Microk8s and its Components#
In the CIS Datacenter I use Microk8s, “a Zero-ops, pure-upstream Kubernetes from developer workstations to production.” Kubernetes is not a single service or daemon running on a machine, it’s a bunch of interconnected pieces. Microk8s installs everything in a single
snap install command and is up an running on Ubuntu within a minute or two. It can be used to assemble a high availability cluster if you have three or more machines. The diagram is a simplified view of the components needed to run containers.
The kubelet is a Kubernetes component and is generic across implementations of Kubernetes. When you use the
kubectl command you’re talking to the kubelet, which is keeping track of all of your YAML manifests and ensuring your Kubernetes cluster has reached the desired state. The kubelet doesn’t create containers, instead it communicates with Containerd using the Container Runtime Interface over Google’s Remote Procedure Call (gRPC).
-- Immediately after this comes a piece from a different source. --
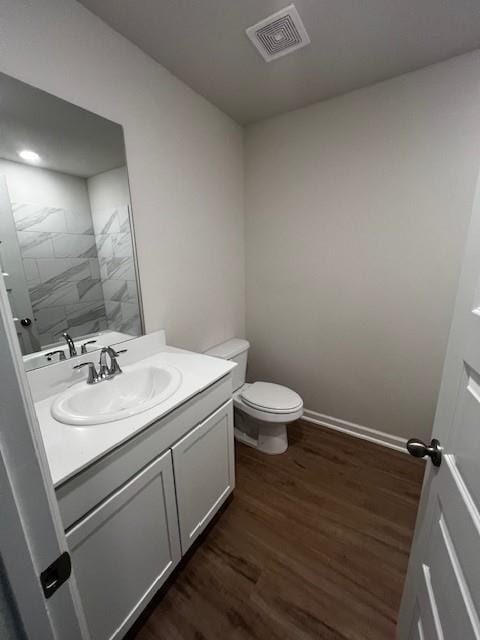 bathroom with vanity, wood-type flooring, and toilet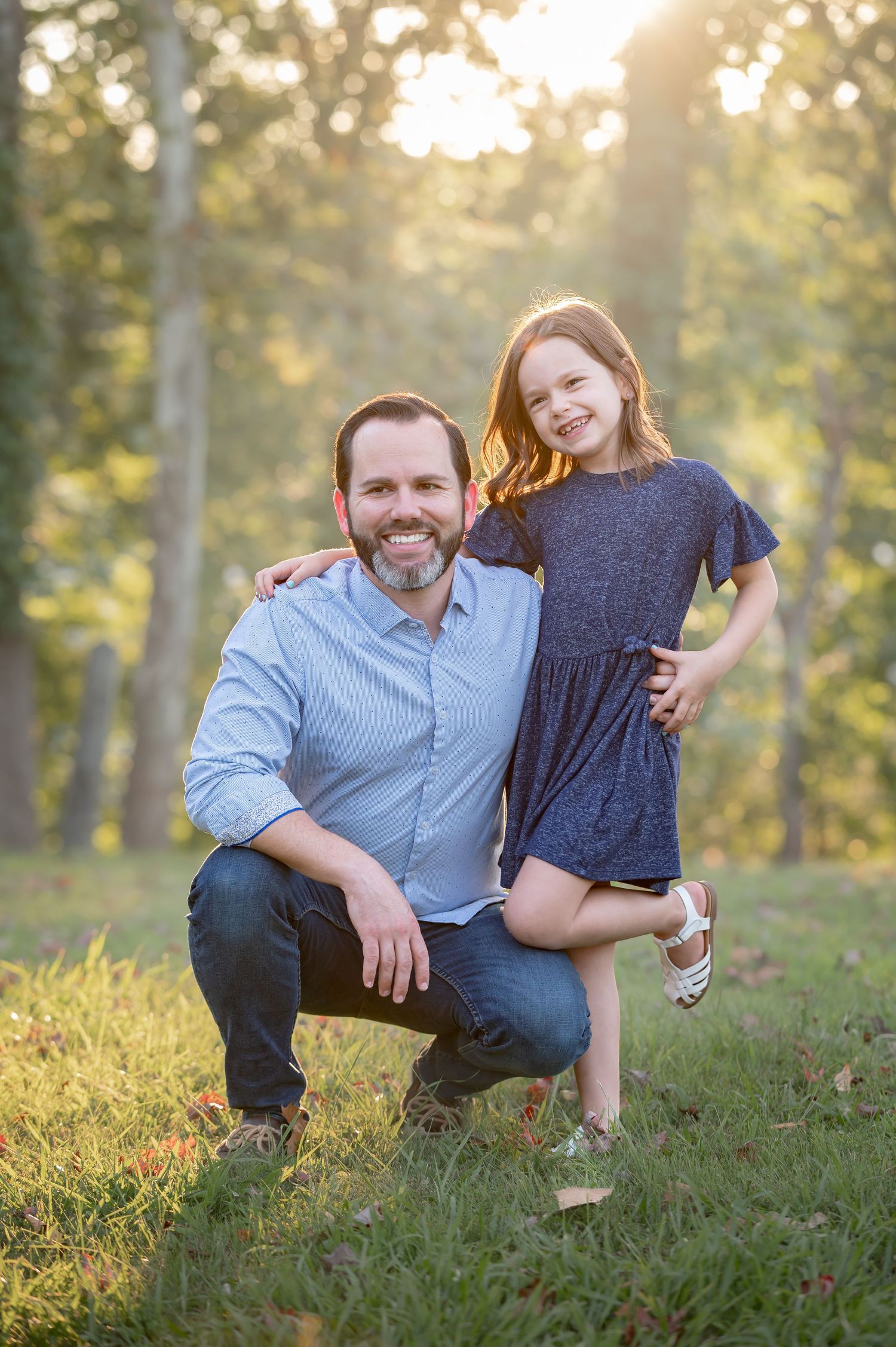 a father crouches beside his young daughter in the grass, with sun shining through trees behind them as they pose for a portrait with smiles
Any container runtime that implements the CRI can be used by Kubernetes. Containerd manages images and converts each pod specification into an OCI runtime specification which is just a JSON file. The runtime specification is read by runc which launches and manages the containers.
What if we wanted to run some other kind of container?
Kata implements the OCI Runtime Specification and does something amazing: It runs each pod inside of a lightweight virtual machine. With Kata if malicious code inside of a pod escapes the container it’s trapped in a VM without access to the Kubernetes node. Virtual machines provide the most effective and popular form of workload isolation. Here’s a diagram of a system running both normal and Kata containers:
Kata plugs in to Containerd and Kubernetes pods that have
runtimeClassName specified like below will be run in a Kata container:
apiVersion: v1 kind: Pod metadata: name: nginx-kata spec: runtimeClassName: kata containers: - name: nginx image: nginx
A pod is a lot like a VM. Containers in a pod have the same IP address and can share memory, devices and local storage. The majority of applications won’t notice the difference between a normal and a Kata pod. But, there are differences:
Privileged pods have privilege on the VM, not the node, so running an IDS in a Kata sandbox is pointless (by design).
hostPathvolumes are volumes on the VM, not the node.
It’s not possible to use the nvidia runtime or other kinds of hardware acceleration that’s not in the VM.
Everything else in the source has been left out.